"Chez nous, l’accueil c’est avec le collier… et toujours le sourire." Assise sur une souche de cocotier face à la mer, Kathy Tavili-Tomu est "contente" de voir l’agitation inhabituelle qui a gagné Wallis-et-Futuna depuis une dizaine de jours. Avions, camions, navires, soldats venus de 18 pays différents… Des moyens humains et matériels sans précédent sont déployés sur l’archipel jusqu’au 4 mai, à l’occasion de l’édition 2025 de Croix du Sud [1].
Cet exercice de vaste ampleur piloté par les Fanc (Forces armées en Nouvelle-Calédonie) vise à mieux préparer et coordonner les actions des militaires entre les pays alliés et la France, en cas de catastrophe naturelle dans le Pacifique. C’est pourquoi cette année, les entraînements se focalisent sur le scénario d’un cyclone qui a tout dévasté sur son passage en vue de porter assistance aux territoires les plus isolés de la région.

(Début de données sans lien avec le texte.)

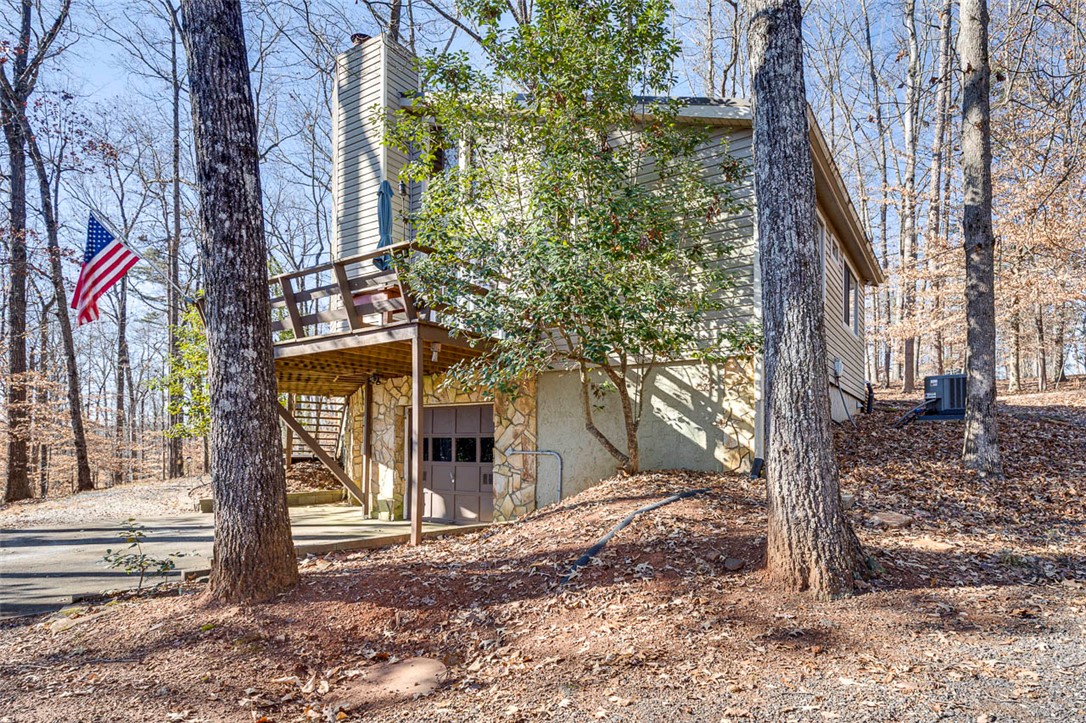 203 Snead Lane Westminster, SC 29693 - Photo 24 of 45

Si l’arrivée d’un millier de soldats dans cet archipel de quelque 11 600 âmes peut impressionner, l’initiative semble plutôt bien perçue par les habitants rencontrés à Wallis. Car cette mission est avant tout une opportunité de partager un pan de leur culture avec ces militaires de passage venus de tout le Pacifique, du Japon aux États-Unis en passant par l’Équateur ou encore la Thaïlande.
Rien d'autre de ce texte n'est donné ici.